Musiały ogarnąć ją nagle wątpliwości, bo rzuciła Tolliverowi pytające spojrzenie.
– Harper nigdy się nie myli – zapewnił ją.
Usłyszałam piski wybieranego numeru.
– Co im się stało? – zapytał Tolliver cicho. Wiedział, że właśnie słucham.
Nie odpowiedziałam. Nadeszła chwila, żeby się dowiedzieć. Nie chciałam, żeby ktoś obcy mnie przy tym obserwował.
– W porządku – powiedziałam, otrząsając się. – Tolliver? – chciałam go uprzedzić, żeby w razie czego był gotów.
– Jestem przy tobie – powiedział i poczułam jego dłoń na ramieniu. Stanęłam dokładnie nad jednym z ciał i sięgnęłam w dół. Ujrzałam ziemię, kamienie, przebłysk piekła. To była ostatnia rzecz, jaką zapamiętałam.
Ocknęła się? – głos należał do Sandry Rockwell, ale brzmiał dziwnie obco.
– Harper? – tym razem mówił mój brat. – Harper?

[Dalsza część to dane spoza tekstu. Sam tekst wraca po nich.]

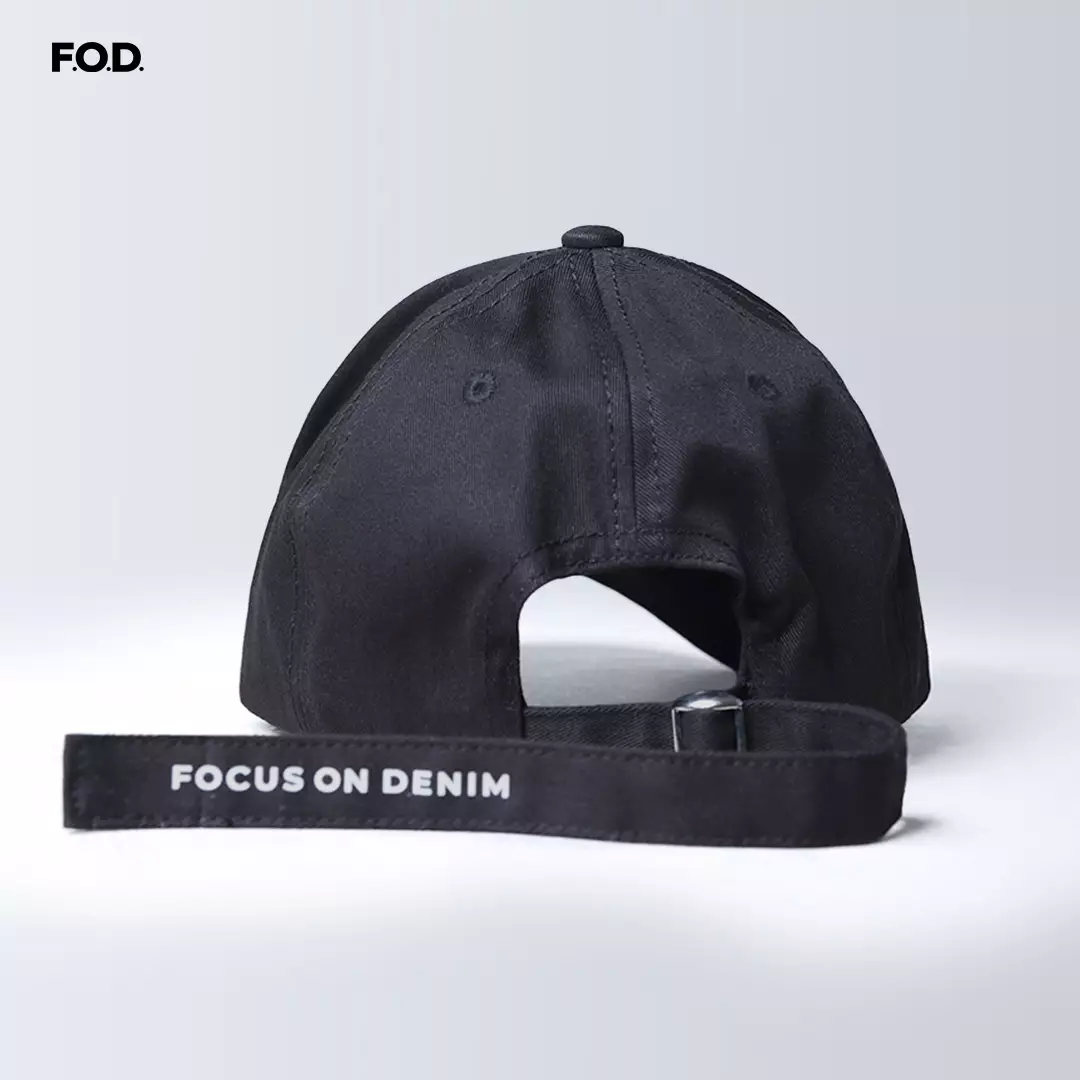 Topi Zoca Black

Bardzo nie chciałam tego robić, ale musiałam.
– Już – powiedziałam tak słabo, jak się czułam. – Znaleźliście ich?
– Powiedz, co mam robić – zażądała szeryf Rockwell.

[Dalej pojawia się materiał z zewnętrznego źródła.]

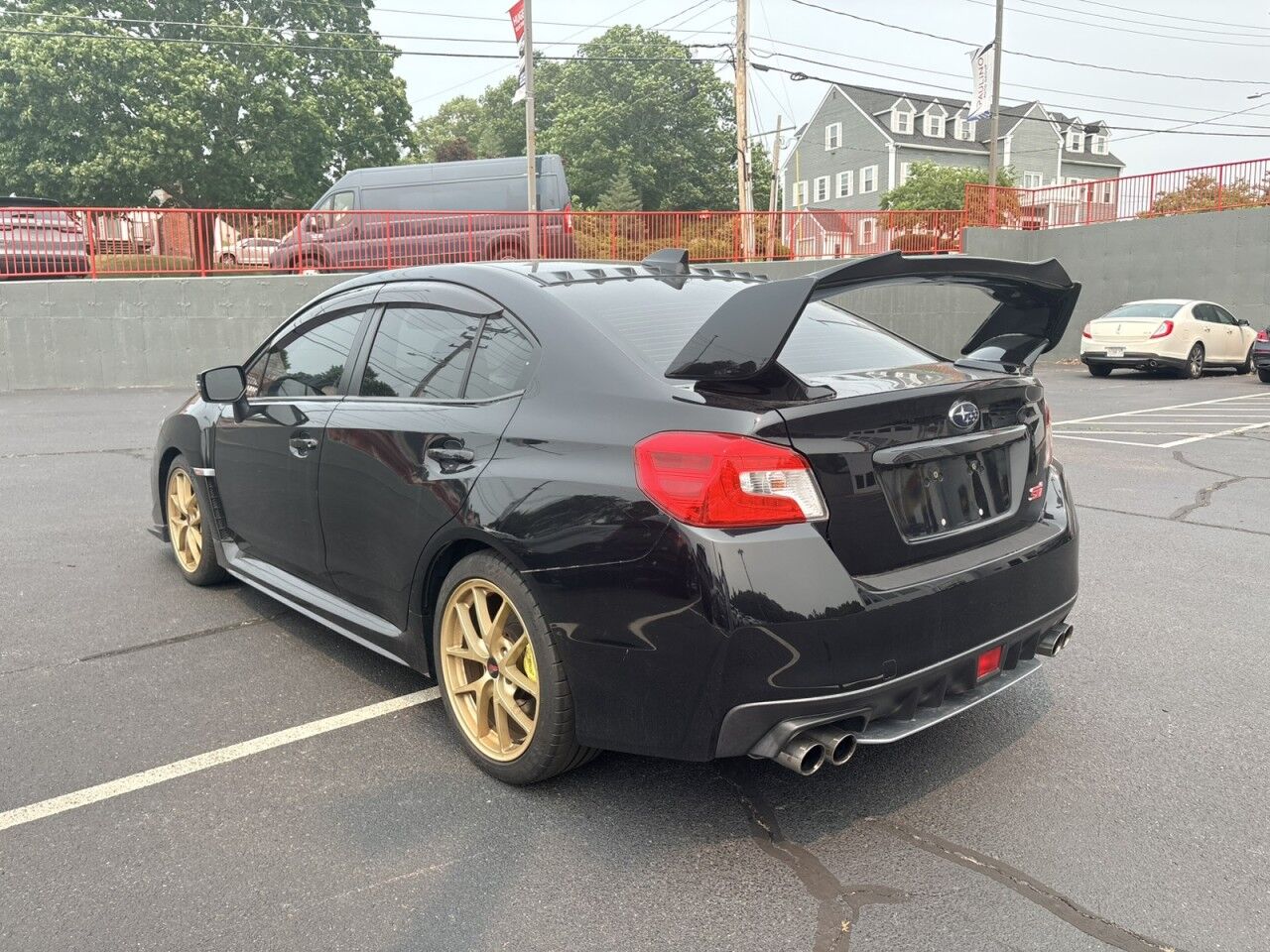 2019 Subaru WRX STI Series.Gray Fitchburg MA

Sądząc z tonu, nie chciała tu teraz być.
Otworzyłam powieki i napotkałam zaniepokojone spojrzenie ocienionych kapeluszem oczu. Szeryf Rockwell miała na sobie puchową kurtkę, w której wydawała się dwa razy większa.
– Są tam – zapewniłam ją. – Niech pani da mi chwilkę, a pokażę, gdzie kto leży. I jest ich ośmiu, nie sześciu.
– Skąd pani może to wiedzieć?
Siedziałam na tylnej kanapie wozu Twyli z głową podpartą poduszką.
– Masz, zjedz coś słodkiego – nalegał Tolliver, wyciągając z kieszeni cukierka. Rozwinął go i włożył mi do ust. Z doświadczenia wiedziałam, że zaraz poczuję się lepiej. Trwałoby to krócej, gdybym miała colę.
– Chciała mi pani uwierzyć, zanim cokolwiek zrobiłam – przypomniałam Sandrze Rockwell. – Niech mi pani zaufa i zacznie kopać.
– Jeśli to oszustwo, skończy pani w pace – zagroziła.
– Nie ma sprawy, sama sobie nawet założę kajdanki.
Zebrałam siły, żeby odwrócić głowę i popatrzeć przez okno.
Na posesji stało kilku zastępców, a wraz z nimi Twyla. Jej mina poruszyłaby serce najbardziej zatwardziałego oszusta. Choć może i nie. Natknęliśmy się na kilku podczas naszych podróży – współczucie było im obce. Nie posiadali go w swoim emocjonalnym repertuarze.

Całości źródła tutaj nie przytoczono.